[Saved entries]
%%

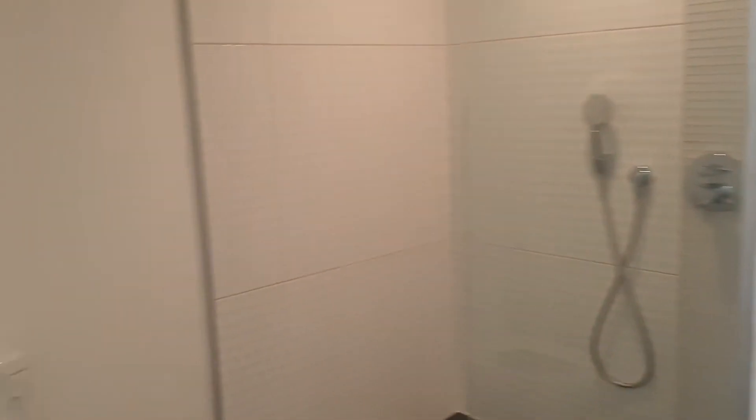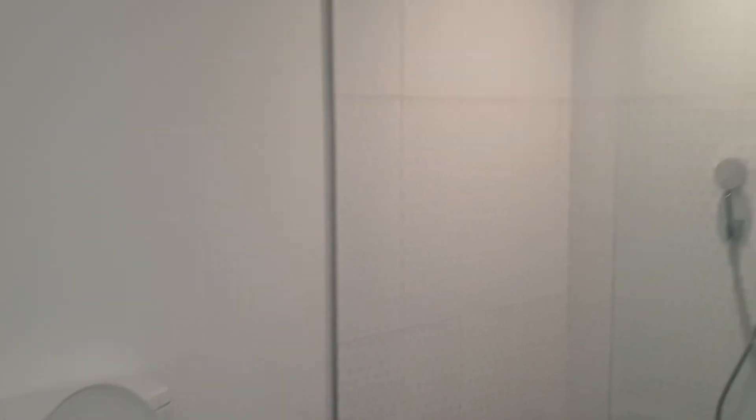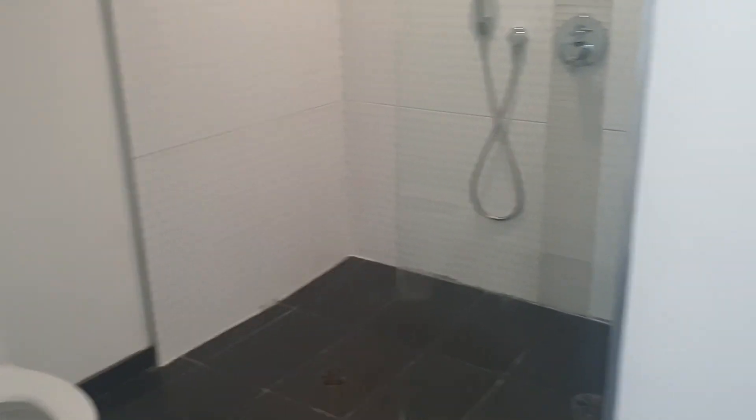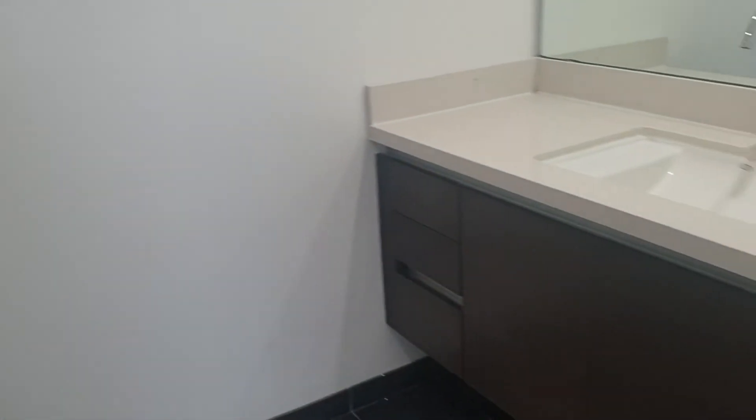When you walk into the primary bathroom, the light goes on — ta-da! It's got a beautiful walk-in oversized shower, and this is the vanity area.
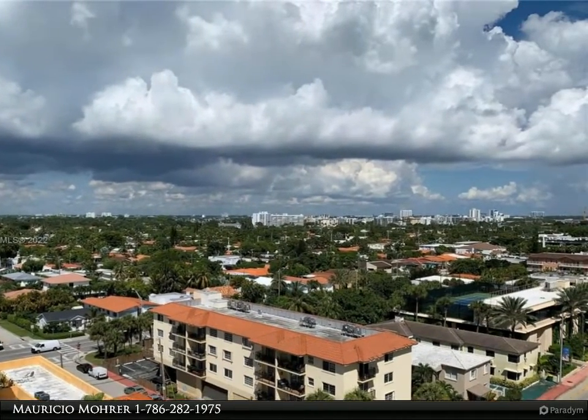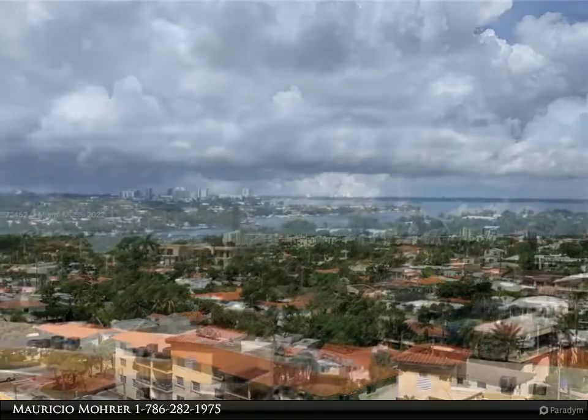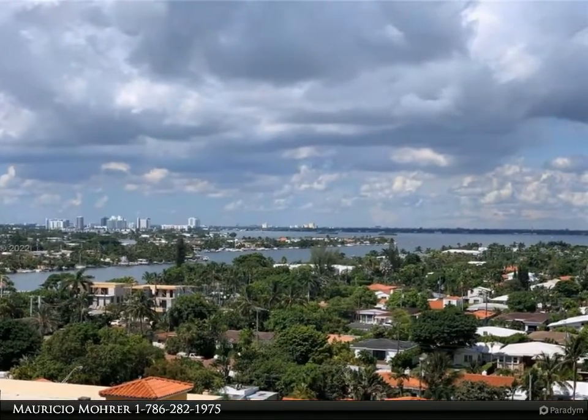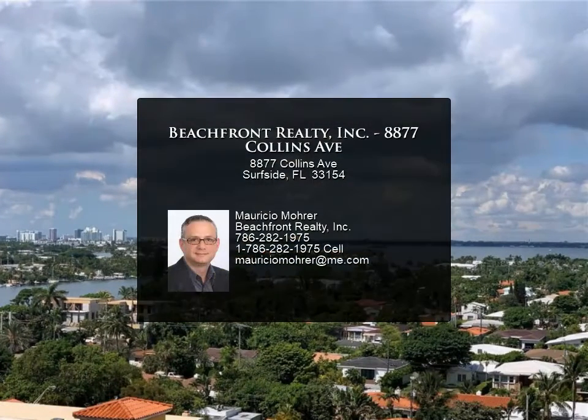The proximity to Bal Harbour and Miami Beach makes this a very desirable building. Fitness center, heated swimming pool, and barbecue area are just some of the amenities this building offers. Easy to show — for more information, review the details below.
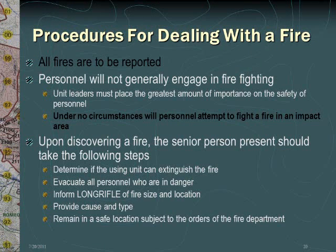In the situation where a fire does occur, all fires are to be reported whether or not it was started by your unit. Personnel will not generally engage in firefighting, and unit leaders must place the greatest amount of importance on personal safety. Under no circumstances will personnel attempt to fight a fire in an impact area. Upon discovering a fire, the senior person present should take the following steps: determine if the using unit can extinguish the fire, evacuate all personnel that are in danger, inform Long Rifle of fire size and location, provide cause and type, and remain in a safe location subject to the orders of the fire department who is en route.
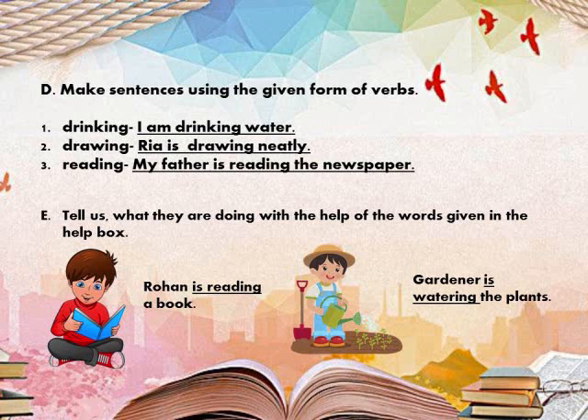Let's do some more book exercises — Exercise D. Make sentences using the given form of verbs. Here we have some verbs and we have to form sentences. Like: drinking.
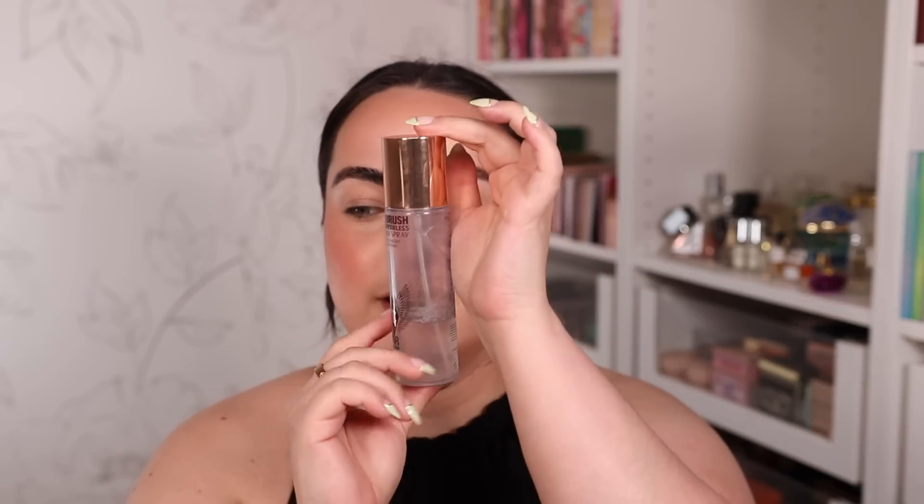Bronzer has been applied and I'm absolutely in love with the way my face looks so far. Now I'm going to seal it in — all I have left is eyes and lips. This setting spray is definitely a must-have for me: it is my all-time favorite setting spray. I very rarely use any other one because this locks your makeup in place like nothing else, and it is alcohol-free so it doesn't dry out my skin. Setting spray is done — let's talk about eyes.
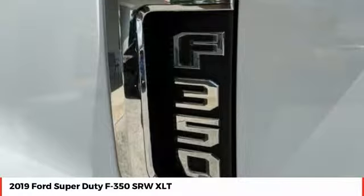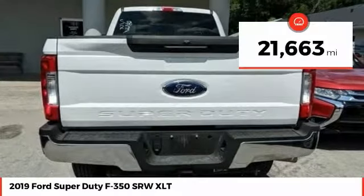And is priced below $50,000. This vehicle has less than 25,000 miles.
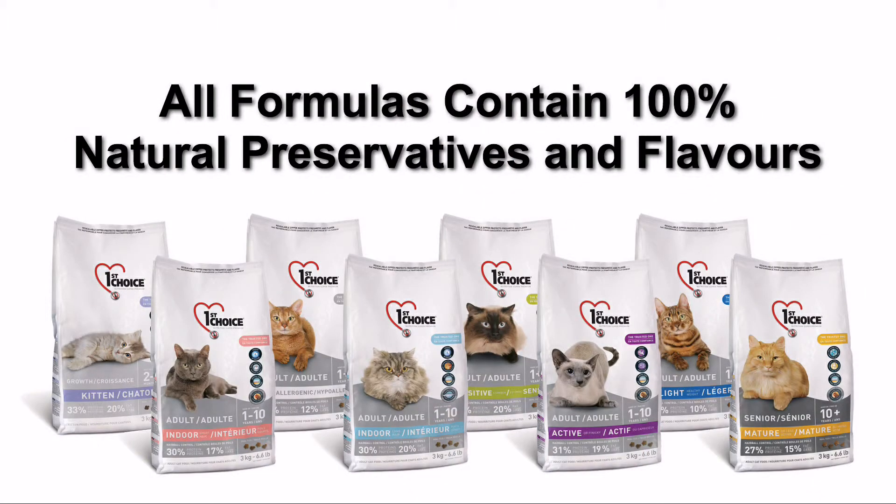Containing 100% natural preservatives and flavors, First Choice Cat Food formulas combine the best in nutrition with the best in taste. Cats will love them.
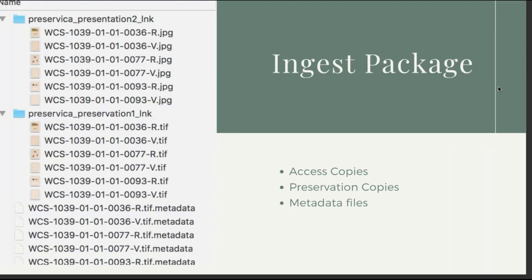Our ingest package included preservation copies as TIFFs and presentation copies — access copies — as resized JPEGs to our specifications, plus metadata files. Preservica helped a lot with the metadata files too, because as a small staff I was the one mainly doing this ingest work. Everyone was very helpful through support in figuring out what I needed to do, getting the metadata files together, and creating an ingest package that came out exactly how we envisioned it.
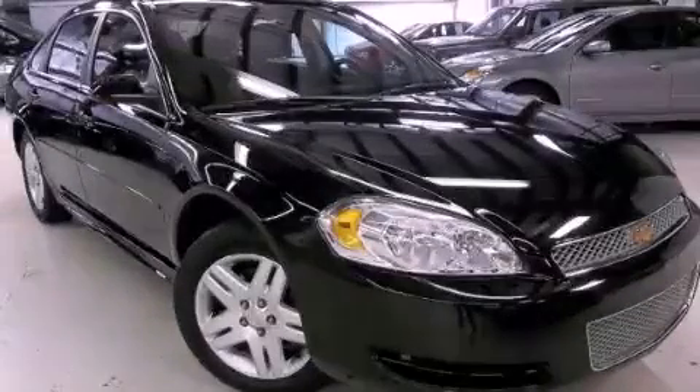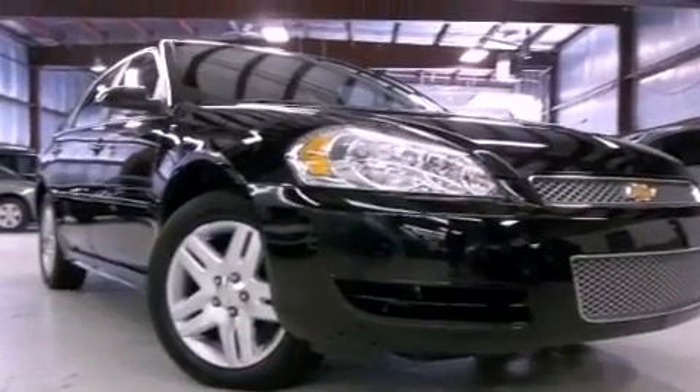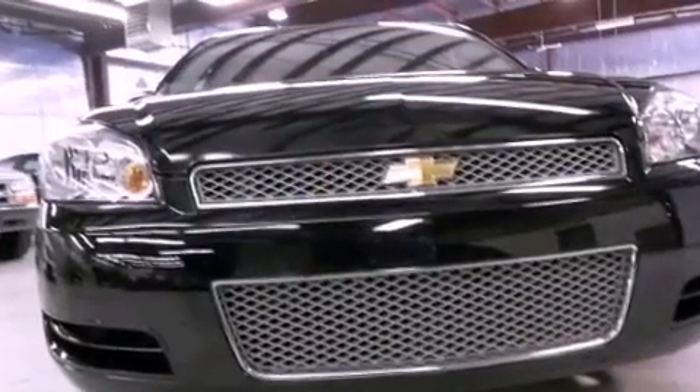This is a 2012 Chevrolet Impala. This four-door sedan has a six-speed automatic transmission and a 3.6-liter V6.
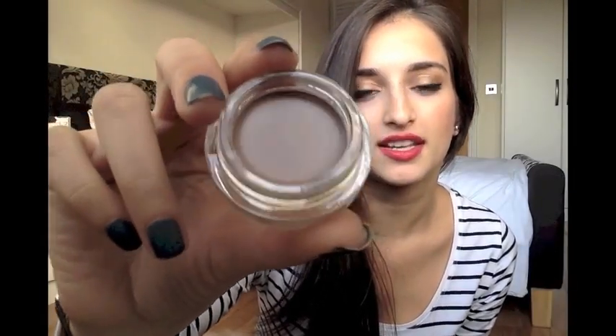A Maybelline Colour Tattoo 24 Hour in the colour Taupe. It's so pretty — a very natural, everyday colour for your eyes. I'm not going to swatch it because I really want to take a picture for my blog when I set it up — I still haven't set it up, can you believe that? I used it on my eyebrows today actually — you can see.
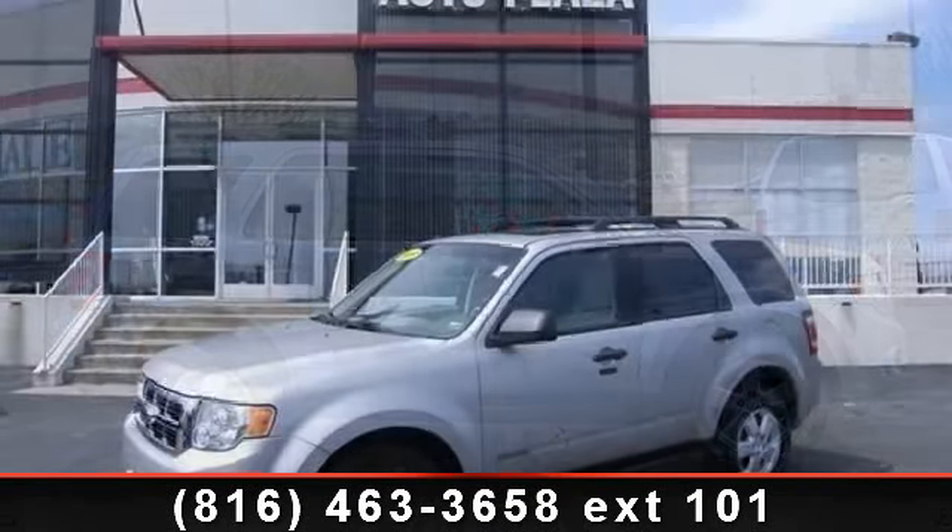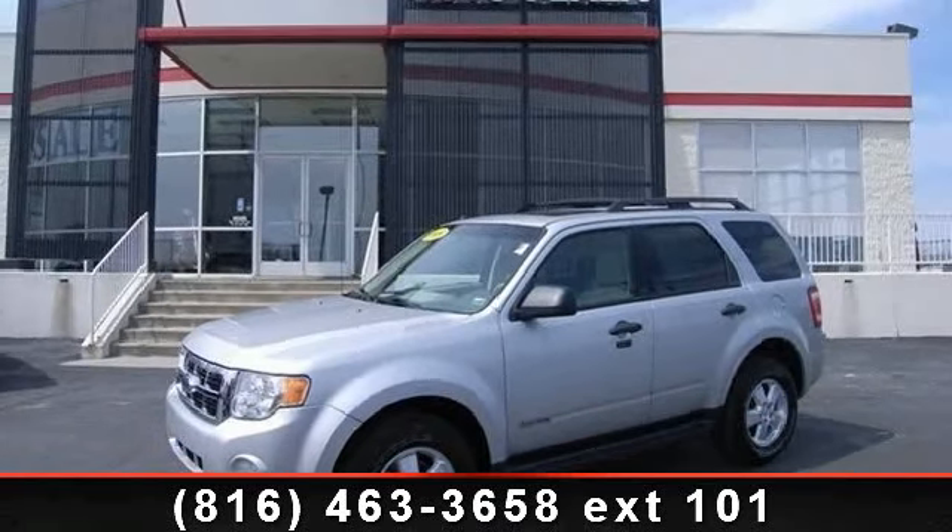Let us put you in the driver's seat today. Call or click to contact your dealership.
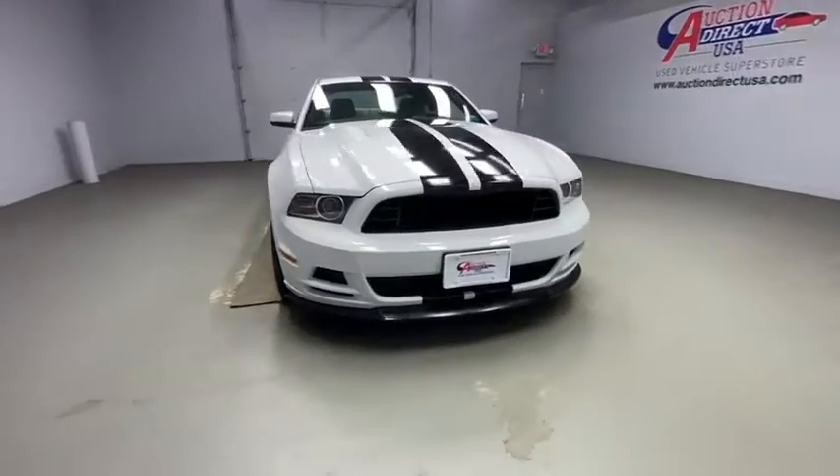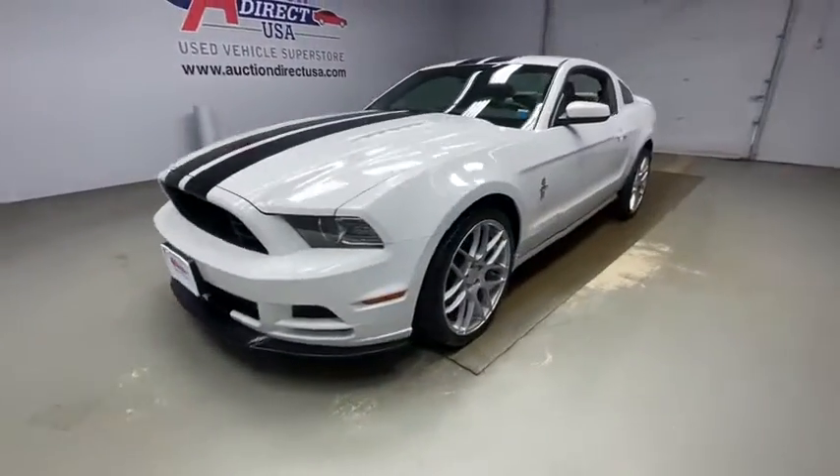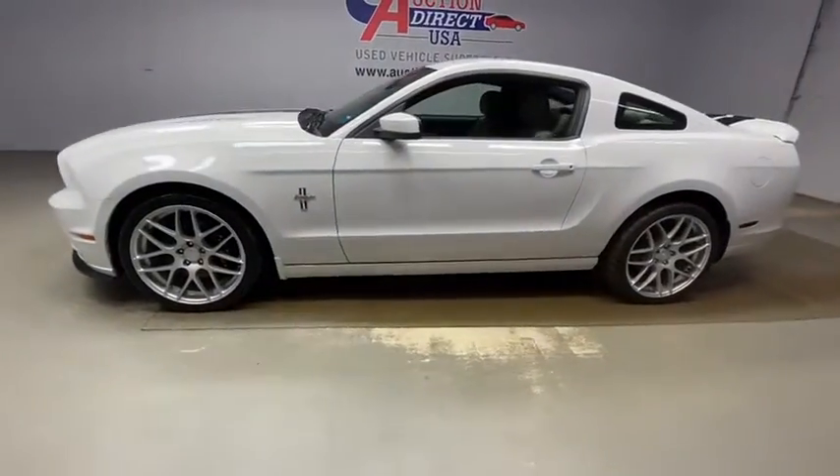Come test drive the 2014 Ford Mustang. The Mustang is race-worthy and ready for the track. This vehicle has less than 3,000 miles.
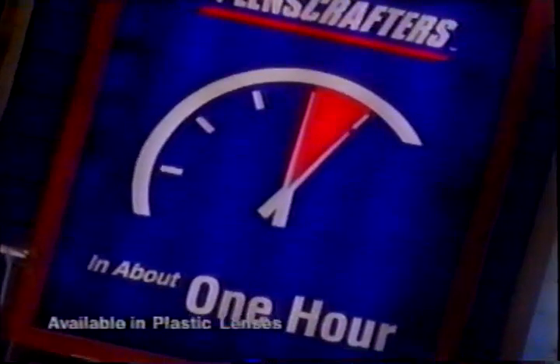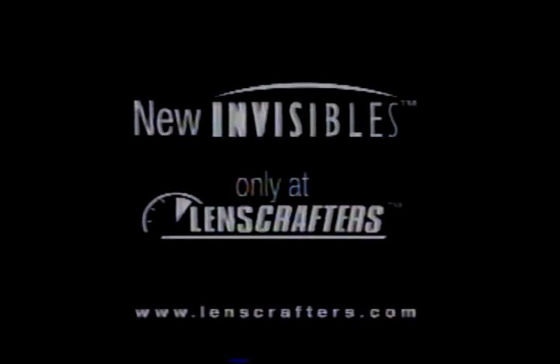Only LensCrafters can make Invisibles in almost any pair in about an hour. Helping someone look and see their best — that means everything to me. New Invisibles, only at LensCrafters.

%%

▶ WORK ORDER: Beginning with the line containing "A Maybelline Colour" and ending with the last line of the data above, repeat each line exactly. Include no pictures and no other lines.

▶ EXERCISE RESPONSE:
A Maybelline Colour Tattoo 24 Hour in the colour Taupe. It's so pretty — a very natural, everyday colour for your eyes. I'm not going to swatch it because I really want to take a picture for my blog when I set it up — I still haven't set it up, can you believe that? I used it on my eyebrows today actually — you can see.
Let us put you in the driver's seat today. Call or click to contact your dealership.
Come test drive the 2014 Ford Mustang. The Mustang is race-worthy and ready for the track. This vehicle has less than 3,000 miles.
Only LensCrafters can make Invisibles in almost any pair in about an hour. Helping someone look and see their best — that means everything to me. New Invisibles, only at LensCrafters.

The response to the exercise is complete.